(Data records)
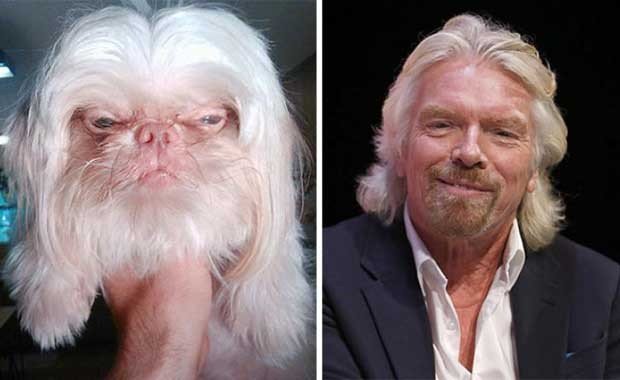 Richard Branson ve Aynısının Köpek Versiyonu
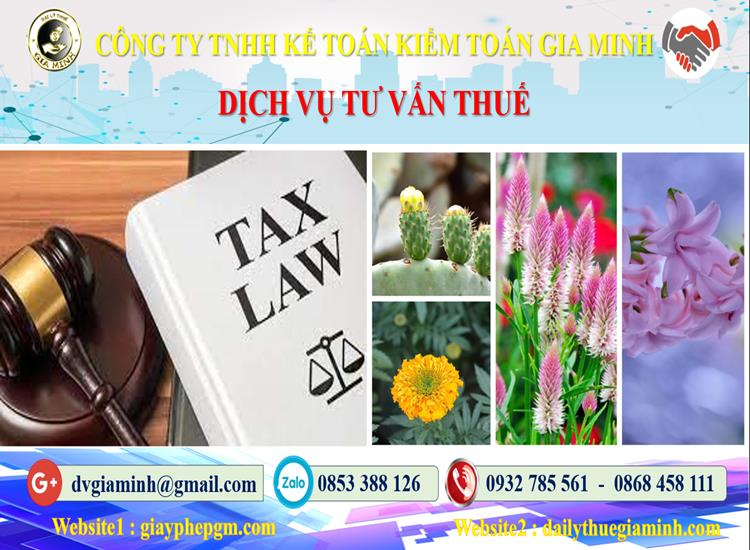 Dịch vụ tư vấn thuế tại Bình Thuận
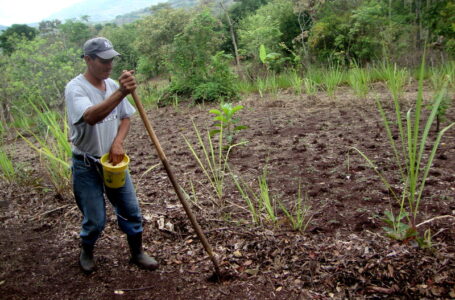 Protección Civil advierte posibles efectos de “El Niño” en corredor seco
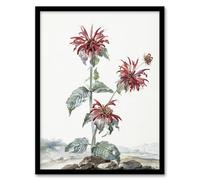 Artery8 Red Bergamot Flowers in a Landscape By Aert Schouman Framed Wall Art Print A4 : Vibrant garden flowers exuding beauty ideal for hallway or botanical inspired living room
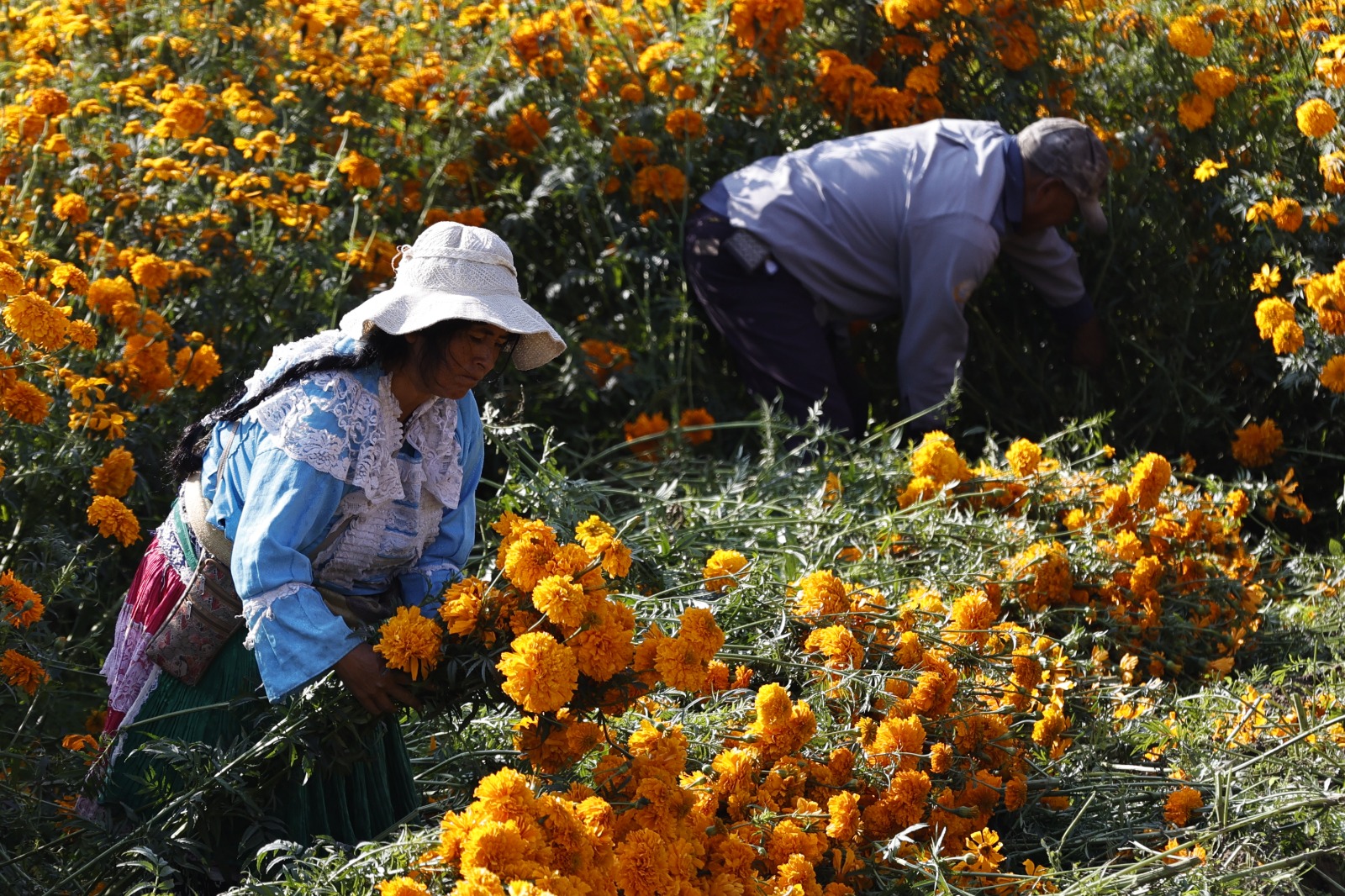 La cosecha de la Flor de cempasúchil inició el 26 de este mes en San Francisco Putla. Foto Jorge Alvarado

__REQUIRED WORK__.
Retype the data word for word, please, and keep the images out.

__YOUR SOLUTION__.
 Richard Branson ve Aynısının Köpek Versiyonu
 Dịch vụ tư vấn thuế tại Bình Thuận
 Protección Civil advierte posibles efectos de “El Niño” en corredor seco
 Artery8 Red Bergamot Flowers in a Landscape By Aert Schouman Framed Wall Art Print A4 : Vibrant garden flowers exuding beauty ideal for hallway or botanical inspired living room
 La cosecha de la Flor de cempasúchil inició el 26 de este mes en San Francisco Putla. Foto Jorge Alvarado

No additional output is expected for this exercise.